INTERVIEW MET WIM BOERBOOM (fragment 4)

In hoeverre had de studentenbeweging invloed buiten de universiteit ?

De term studentenbeweging  is een koepelbegrip. Ik heb me in de jaren zeventig en tachtig enkel met de POLEK-beweging bezig gehouden en ken daar de geschiedenis van. Maar dat was in die jaren aan de Hogeschool eigenlijk ook het enige restant van de studentenbeweging uit de jaren zestig. Ik beperk me dus maar tot de POLEK-beweging

De POLEK-beweging had invloed buiten de Hogeschool.
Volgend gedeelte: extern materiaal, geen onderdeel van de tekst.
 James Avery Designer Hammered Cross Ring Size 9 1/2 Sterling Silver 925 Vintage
Ik heb al gezegd, dat op de inleidende cursus ook studenten van de Kunstacademie en het Conservatorium af kwamen.

POLEK-studenten onderhielden echter ook contacten met de gevestigde vakbonden, met de scholingscentra. Al tijdens de Meirevolutie in Parijs in ’68 wilden de studenten met de arbeiders, in dat geval die van Renault, in contact komen. Want de arbeiders vormden de revolutionaire klasse. Die wens hadden ook de POLEK-studenten.
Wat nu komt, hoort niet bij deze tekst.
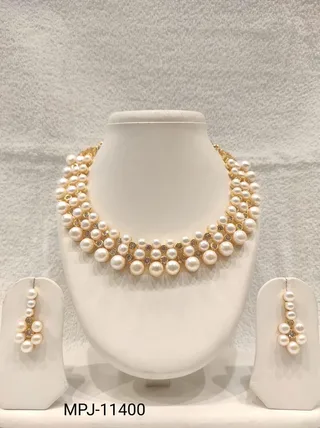 White & Gold — Freshwater Pearl Cluster Necklace Set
Er is in de periode vanaf ’73 tot het einde van de jaren zeventig een intensief contact geweest met het scholingscentrum van de Industriebond  NVV in Nunspeet en de Henri Polakstichting, scholingscentrum van de hele NVV, in Epe. En later in de jaren zeventig met het scholingscentrum van de Abvakabo. Er zijn nogal wat bijeenkomsten geweest in respectievelijk Nunspeet,  Epe en op ‘Avegoor’ van Abvakabo in Ellecom.

Nieuwe afdeling ABVA-KABO aan KHT

Eerste groep leden van Abva-Kabo aan universiteit 1977

 

 

 

 

Het contact kwam min of meer door toeval tot stand. Het eerst was daar de Industriebond.[1] Via deze bond kwamen we bij de Henri Polakstichting terecht. Om dit soort contacten ging het ons. Telkens als ik over een sociaal-economisch thema een inleiding moest geven, nam ik zoveel studenten mee als er in mijn auto konden. Ze bereidden het thema voor. En als dan na de inleiding de cursus werd  voortgezet in discussiegroepen, met een plenaire bijeenkomst in de namiddag, dan speelden zij daarbij een belangrijke rol.

Deze contacten met de vakbeweging gaven veel voldoening. De leden van de POLEK-groep hielden zich met deze thematiek bezig naast hun reguliere studie.

Bij de Meirevolutie in Parijs stelden de communisten en de arbeiders van Renault zich op achter de studenten. Maar al gauw, nog tijdens de revolutie, keerden de communisten en de vakbonden zich van de studenten af.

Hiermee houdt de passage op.